2/14/09: The Miracle of Morgan's Creek (1944)

MONOCHROME WEEK
Monochrome Week comes to a close with this wartime comedy, written and directed by Preston Sturges. It was touted as one of the 50 greatest comedies by Premiere Magazine, nominated for an Oscar, and such a monster hit when it was released that many showings were standing room only. But my main interest in seeing the film had nothing to do with all that—I happened to see lovely Diana Lynn in a scene while flipping on Turner Classic Movies a few weeks ago...va-va-voom! Luckily, TCM aired it again last week, so I managed to TiVo it and indulge in some Lynn-sanity.

Betty Hutton stars as a small-town girl who attends a going-away party for local soldiers and wakes up the next day to find herself married and pregnant. Problem is, she has no idea who the daddy is. Will she marry her drip of a boyfriend (Eddie Bracken) and risk committing bigamy, or bring shame to her loving sister (Diana Lynn) and bellowing father (William Demarest, who played Uncle Charley on TV's My Three Sons)? Some of the themes were fairly racy for 1944, but it's all done as kind of a slapsticky screwball comedy—there's no pratfall too ludicrous and no comic invention too overblown. The result is still funny today, although terribly over the top at times, at least for my taste. The best moments belong to smart-alecky Lynn, who makes a superb foil for blustery papa Demarest. (In the movie's single greatest line, he admonishes her: "Someday they're just gonna find your hair ribbon and an axe someplace. Nothing else!

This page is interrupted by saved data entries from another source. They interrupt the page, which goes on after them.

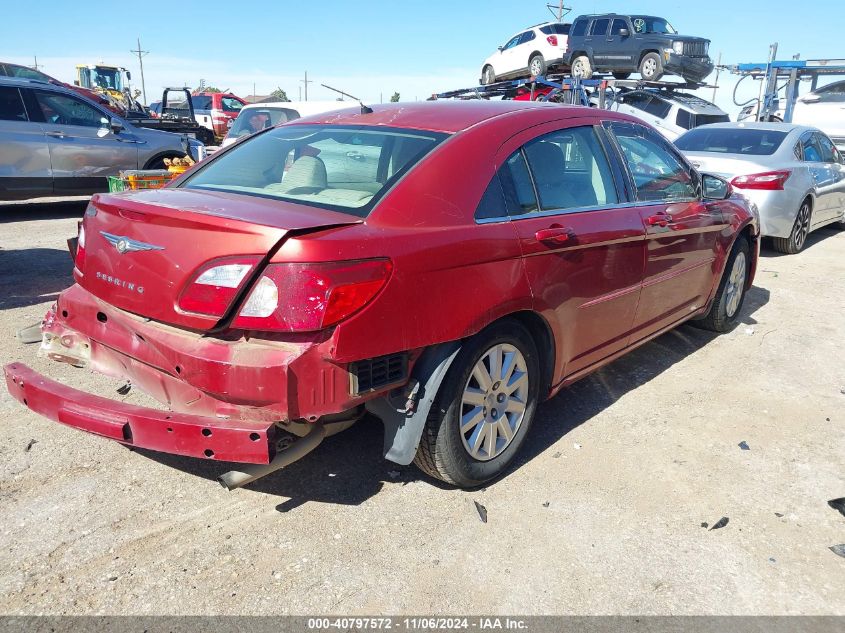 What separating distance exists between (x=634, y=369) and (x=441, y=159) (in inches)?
99.0

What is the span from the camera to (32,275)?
21.1 feet

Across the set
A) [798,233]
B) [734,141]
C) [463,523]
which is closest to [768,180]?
[734,141]

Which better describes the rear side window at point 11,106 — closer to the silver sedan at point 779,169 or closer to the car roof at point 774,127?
the silver sedan at point 779,169

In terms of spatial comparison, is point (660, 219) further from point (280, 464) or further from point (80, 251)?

The Mystery of Morgan's Creek!") Lynn, who was 18 at the time but playing a 14-year-old, was the high point; on the debit side, I was not particularly charmed by Hutton, whom I find somewhat unattractive in a Lucille Ball kind of way, nor by Bracken, whose stuttering shtick grows tiresome in a hurry.

Note: The picture involves the birth of sextuplets, which is treated like a big deal, which it would have been in the mid-1940s. But definitely not today, with the birth of the famous California octuplets only a couple of weeks ago. Rating: 3/5.